A photo dated Jan. 9, 2019, showing the cover of “Alerta Rojo” (Red Alert), a book that recounts the sexual abuse, theft, addiction, poverty, hunger, cold and overcrowded conditions endured over the past 20 years by aspiring players who have lived at Argentine soccer club Independiente’s youth boarding house. EPA-EFE/Sebastian Meresman
Buenos Aires, Jan 12 (efe-epa).- Sexual abuse, theft, addiction, poverty, hunger, cold and overcrowded conditions are some of the hardships endured over the past 20 years by aspiring players who have lived at Argentine soccer club Independiente’s youth boarding house.
Those abuses have been brought to light thanks to a recently published book in the South American nation.

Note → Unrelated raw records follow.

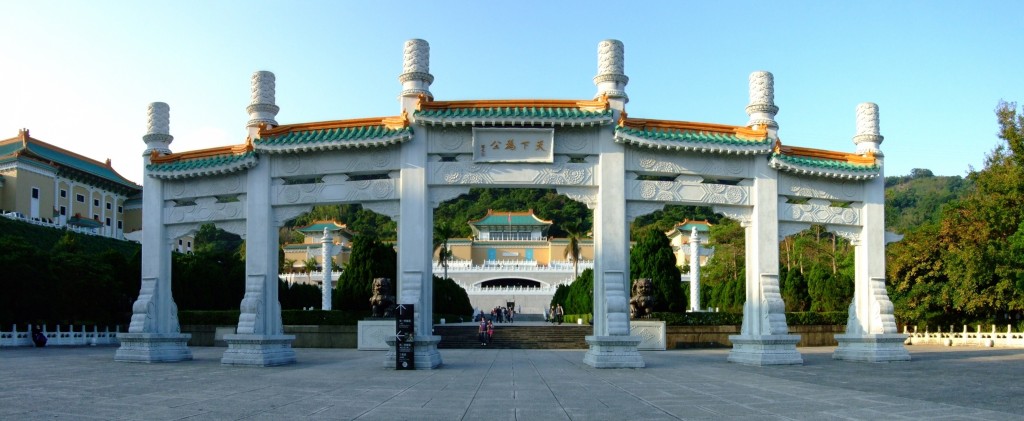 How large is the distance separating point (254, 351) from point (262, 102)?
505cm

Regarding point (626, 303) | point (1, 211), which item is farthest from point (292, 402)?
point (1, 211)

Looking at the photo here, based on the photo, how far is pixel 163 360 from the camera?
56.6 ft

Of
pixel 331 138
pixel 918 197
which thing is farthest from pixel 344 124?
pixel 918 197

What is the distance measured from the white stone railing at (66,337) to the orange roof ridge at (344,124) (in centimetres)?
1372

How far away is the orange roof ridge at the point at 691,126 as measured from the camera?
15.8 metres

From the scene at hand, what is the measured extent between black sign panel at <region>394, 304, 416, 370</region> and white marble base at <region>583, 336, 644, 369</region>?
3.36 metres

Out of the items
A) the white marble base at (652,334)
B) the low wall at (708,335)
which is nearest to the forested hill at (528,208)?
the low wall at (708,335)

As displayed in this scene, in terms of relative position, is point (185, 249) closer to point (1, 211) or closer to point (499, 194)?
point (1, 211)

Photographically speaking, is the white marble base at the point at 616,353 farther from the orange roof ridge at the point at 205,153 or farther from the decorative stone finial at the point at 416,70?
the orange roof ridge at the point at 205,153

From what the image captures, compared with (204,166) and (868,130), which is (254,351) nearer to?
(204,166)

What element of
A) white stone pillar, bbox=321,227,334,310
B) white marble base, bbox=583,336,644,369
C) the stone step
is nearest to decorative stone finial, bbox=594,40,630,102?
white marble base, bbox=583,336,644,369

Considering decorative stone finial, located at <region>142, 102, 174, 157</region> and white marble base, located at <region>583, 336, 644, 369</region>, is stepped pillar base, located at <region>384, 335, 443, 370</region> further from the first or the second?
decorative stone finial, located at <region>142, 102, 174, 157</region>

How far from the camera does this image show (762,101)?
666 inches

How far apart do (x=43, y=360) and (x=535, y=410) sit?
47.8 ft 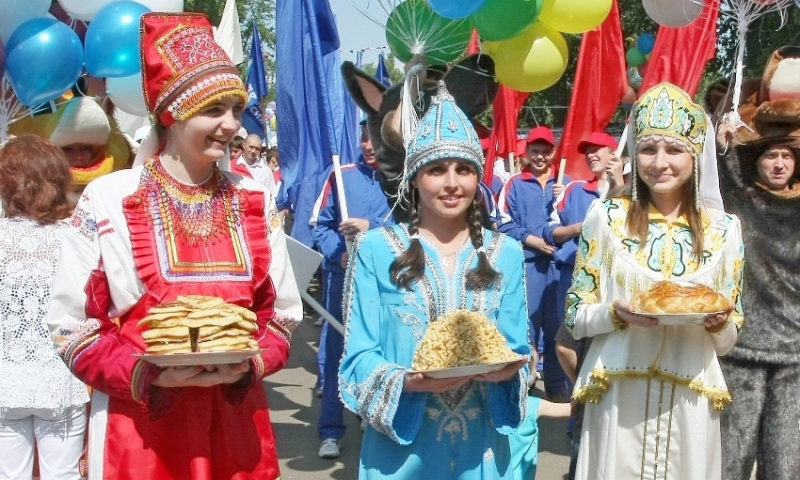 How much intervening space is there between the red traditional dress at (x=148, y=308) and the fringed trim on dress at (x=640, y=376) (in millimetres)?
1275

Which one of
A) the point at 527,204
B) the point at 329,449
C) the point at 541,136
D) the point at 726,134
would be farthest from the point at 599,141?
the point at 329,449

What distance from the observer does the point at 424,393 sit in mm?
2736

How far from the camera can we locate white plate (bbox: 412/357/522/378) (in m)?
2.43

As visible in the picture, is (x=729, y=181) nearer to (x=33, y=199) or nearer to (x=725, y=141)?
(x=725, y=141)

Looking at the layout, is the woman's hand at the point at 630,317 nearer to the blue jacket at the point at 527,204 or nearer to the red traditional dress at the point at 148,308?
the red traditional dress at the point at 148,308

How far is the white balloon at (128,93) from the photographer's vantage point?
4.58 meters

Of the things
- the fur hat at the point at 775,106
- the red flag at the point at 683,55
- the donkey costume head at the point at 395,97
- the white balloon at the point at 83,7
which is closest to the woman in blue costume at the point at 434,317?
the fur hat at the point at 775,106

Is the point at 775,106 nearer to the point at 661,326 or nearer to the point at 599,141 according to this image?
the point at 661,326

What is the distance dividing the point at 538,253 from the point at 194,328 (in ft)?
14.7

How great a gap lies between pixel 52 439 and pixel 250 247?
5.39 ft

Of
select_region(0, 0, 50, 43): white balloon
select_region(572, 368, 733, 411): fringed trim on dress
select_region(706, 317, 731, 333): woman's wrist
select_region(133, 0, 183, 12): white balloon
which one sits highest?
select_region(133, 0, 183, 12): white balloon

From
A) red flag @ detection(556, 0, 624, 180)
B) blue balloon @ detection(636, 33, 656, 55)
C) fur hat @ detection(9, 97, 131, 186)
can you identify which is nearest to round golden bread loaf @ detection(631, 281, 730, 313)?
fur hat @ detection(9, 97, 131, 186)

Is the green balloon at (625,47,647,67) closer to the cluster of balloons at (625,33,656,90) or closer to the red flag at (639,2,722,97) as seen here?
the cluster of balloons at (625,33,656,90)

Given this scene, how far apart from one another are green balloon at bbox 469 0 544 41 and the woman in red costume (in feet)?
6.87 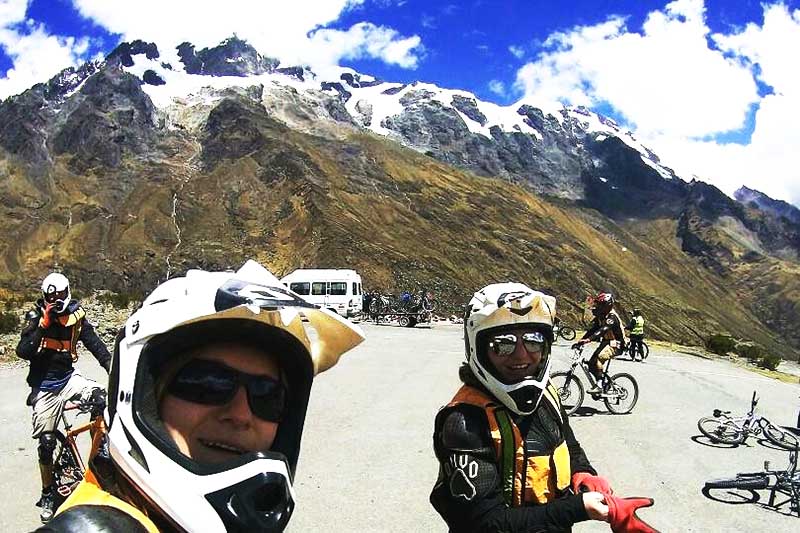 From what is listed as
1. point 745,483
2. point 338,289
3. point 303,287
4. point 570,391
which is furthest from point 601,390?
point 303,287

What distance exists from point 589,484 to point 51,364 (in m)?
4.85

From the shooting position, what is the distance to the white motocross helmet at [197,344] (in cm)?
141

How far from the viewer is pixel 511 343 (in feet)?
10.8

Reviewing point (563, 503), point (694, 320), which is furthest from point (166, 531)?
point (694, 320)

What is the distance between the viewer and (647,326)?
240 ft

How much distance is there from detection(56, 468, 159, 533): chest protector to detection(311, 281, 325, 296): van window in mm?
30236

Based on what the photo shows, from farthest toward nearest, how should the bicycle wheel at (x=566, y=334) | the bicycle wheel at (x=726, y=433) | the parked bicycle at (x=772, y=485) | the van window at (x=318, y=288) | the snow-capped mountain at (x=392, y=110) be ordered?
the snow-capped mountain at (x=392, y=110) < the van window at (x=318, y=288) < the bicycle wheel at (x=566, y=334) < the bicycle wheel at (x=726, y=433) < the parked bicycle at (x=772, y=485)

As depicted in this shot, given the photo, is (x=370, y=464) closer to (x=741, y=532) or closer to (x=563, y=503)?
(x=741, y=532)

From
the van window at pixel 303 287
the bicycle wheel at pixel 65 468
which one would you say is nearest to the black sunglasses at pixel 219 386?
the bicycle wheel at pixel 65 468

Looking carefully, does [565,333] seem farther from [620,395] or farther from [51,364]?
[51,364]

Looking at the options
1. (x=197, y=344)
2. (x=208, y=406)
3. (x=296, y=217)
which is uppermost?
(x=296, y=217)

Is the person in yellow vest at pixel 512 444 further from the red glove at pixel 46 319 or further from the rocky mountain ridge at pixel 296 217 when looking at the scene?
the rocky mountain ridge at pixel 296 217

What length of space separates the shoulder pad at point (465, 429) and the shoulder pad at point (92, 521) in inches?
70.0

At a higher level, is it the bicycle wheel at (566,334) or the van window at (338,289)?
the van window at (338,289) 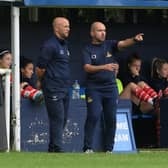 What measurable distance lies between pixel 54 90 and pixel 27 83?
5.31ft

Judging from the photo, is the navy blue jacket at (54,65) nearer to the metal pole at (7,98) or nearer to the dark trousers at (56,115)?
the dark trousers at (56,115)

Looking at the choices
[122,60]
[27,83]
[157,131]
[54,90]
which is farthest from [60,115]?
[122,60]

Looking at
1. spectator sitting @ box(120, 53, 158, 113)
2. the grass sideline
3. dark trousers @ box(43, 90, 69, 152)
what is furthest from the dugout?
the grass sideline

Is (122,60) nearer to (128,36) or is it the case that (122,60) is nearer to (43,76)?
(128,36)

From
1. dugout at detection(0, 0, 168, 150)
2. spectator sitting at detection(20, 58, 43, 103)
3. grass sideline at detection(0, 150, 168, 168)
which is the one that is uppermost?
dugout at detection(0, 0, 168, 150)

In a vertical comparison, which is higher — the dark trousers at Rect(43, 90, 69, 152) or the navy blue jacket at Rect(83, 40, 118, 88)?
the navy blue jacket at Rect(83, 40, 118, 88)

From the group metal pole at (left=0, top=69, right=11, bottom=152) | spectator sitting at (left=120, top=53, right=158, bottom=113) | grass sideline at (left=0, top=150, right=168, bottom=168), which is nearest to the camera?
grass sideline at (left=0, top=150, right=168, bottom=168)

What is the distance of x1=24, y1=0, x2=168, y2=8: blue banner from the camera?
12947mm

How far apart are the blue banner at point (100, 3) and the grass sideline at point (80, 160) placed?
7.92 feet

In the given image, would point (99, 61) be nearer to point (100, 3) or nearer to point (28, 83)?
point (100, 3)

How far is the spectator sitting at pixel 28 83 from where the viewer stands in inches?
515

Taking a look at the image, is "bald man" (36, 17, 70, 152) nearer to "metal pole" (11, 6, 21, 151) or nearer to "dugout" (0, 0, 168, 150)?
"metal pole" (11, 6, 21, 151)

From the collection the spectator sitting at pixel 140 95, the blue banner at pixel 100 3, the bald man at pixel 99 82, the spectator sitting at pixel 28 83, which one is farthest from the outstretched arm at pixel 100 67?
the spectator sitting at pixel 140 95

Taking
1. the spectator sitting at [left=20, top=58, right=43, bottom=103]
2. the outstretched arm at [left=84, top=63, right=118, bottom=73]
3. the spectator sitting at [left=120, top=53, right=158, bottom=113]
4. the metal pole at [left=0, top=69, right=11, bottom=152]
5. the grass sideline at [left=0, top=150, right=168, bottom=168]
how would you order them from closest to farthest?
the grass sideline at [left=0, top=150, right=168, bottom=168], the outstretched arm at [left=84, top=63, right=118, bottom=73], the metal pole at [left=0, top=69, right=11, bottom=152], the spectator sitting at [left=20, top=58, right=43, bottom=103], the spectator sitting at [left=120, top=53, right=158, bottom=113] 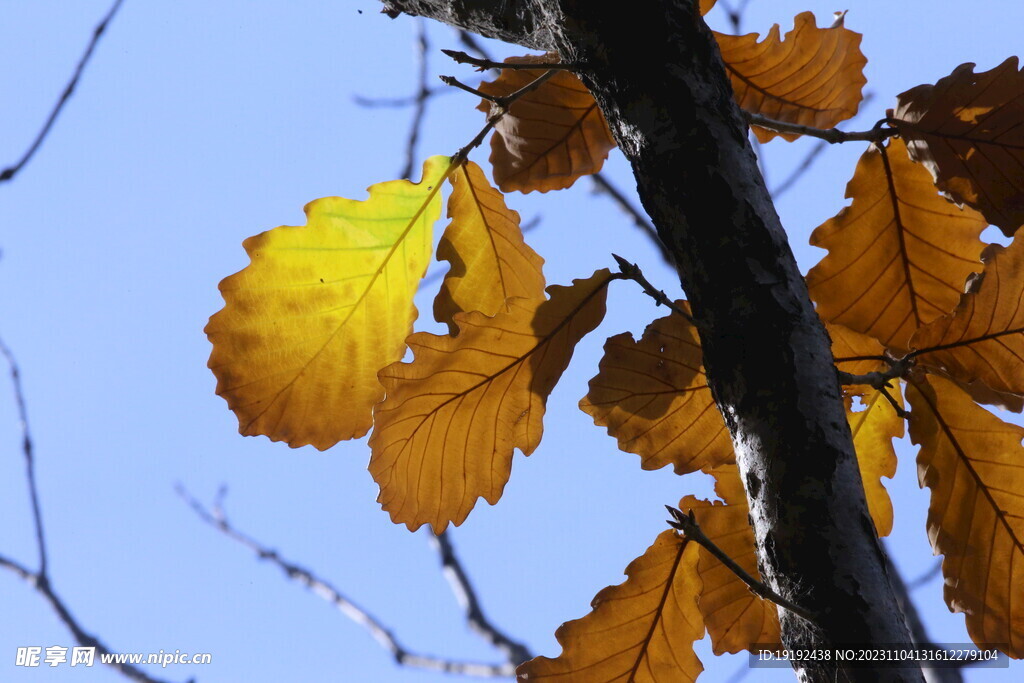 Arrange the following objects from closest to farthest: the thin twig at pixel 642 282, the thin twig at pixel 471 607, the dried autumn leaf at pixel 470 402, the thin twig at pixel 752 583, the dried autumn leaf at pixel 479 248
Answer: the thin twig at pixel 752 583 < the thin twig at pixel 642 282 < the dried autumn leaf at pixel 470 402 < the dried autumn leaf at pixel 479 248 < the thin twig at pixel 471 607

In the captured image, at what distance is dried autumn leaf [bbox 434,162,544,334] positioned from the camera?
2.56ft

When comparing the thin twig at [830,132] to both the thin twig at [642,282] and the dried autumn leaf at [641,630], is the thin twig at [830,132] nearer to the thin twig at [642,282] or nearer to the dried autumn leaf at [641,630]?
the thin twig at [642,282]

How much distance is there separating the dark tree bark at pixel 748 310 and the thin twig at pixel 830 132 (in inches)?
5.6

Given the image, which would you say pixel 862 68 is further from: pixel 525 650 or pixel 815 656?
pixel 525 650

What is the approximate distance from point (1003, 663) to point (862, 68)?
0.60m

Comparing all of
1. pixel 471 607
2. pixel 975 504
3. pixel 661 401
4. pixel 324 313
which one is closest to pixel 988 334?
pixel 975 504

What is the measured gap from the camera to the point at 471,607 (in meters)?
2.07

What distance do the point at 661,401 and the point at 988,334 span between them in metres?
0.25

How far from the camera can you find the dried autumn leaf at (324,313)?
73 cm

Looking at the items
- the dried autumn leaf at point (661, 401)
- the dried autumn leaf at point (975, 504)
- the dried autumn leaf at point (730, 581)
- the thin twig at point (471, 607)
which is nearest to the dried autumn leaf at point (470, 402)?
the dried autumn leaf at point (661, 401)

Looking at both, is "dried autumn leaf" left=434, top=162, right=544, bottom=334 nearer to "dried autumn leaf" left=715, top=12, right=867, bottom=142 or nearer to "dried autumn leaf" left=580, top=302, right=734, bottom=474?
"dried autumn leaf" left=580, top=302, right=734, bottom=474

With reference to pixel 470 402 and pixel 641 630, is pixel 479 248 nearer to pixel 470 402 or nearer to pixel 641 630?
pixel 470 402

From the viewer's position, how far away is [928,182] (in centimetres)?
72

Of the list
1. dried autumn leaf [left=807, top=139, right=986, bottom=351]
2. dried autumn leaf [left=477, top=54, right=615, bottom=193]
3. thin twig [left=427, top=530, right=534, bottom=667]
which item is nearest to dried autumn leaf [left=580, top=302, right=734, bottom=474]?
dried autumn leaf [left=807, top=139, right=986, bottom=351]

Francisco “Panqui” Molina and his brother Pedro Molina – journalists and fans of Independiente, one of Argentina’s most popular clubs – recount in “Alerta Rojo” (Red Alert) the ordeal of promising members of Independiente’s youth teams.
Despite the horrific details, the authors told EFE that the living conditions of these children have improved and ceased to be inhuman a few years ago.
Independiente, a team based in Greater Buenos Aires that holds the record for number of titles (seven) in Copa Libertadores, South America’s premier club soccer tournament, has effected just two major sales of youth players over the past 15 years: Sergio Aguero (sold to Atletico Madrid) and Ezequiel Barco (to Atlanta United).
“They’re two oases in the middle of the desert. It’s hard to explain. Every once in a while kids appear who because of their very positive characteristics, or even their mental toughness, are able to overcome these situations,” Pedro Molina said.
The book contains distressing testimonials from individuals who have lived or worked in the boarding house over the past two decades.
In 2012, 82 children lived in the house even though its maximum capacity was just 55.
Some slept on mattresses on the floor. Drugs, violence, robberies were commonplace, and members of the team’s “barra brava” (a gang notorious for running a variety of rackets at soccer games) were often lurking around the premises.
Many of the youth players hid these details from their parents for fear of being kicked out of the club.
The authors also wrote about the sexual abuses suffered by several of the minors, crimes that came to light in March 2018 and led to the arrests of several men accused of paying Independiente youth players small amounts of money for sex.
One young player told of the abuse he suffered in meetings with the club’s psychologist, Ariel Ruiz, who explained to the Molina brothers that the abusers took advantage of the youths’ socio-economic needs.
Francisco Molina, however, said that conditions at Independiente’s boarding house have improved in recent years.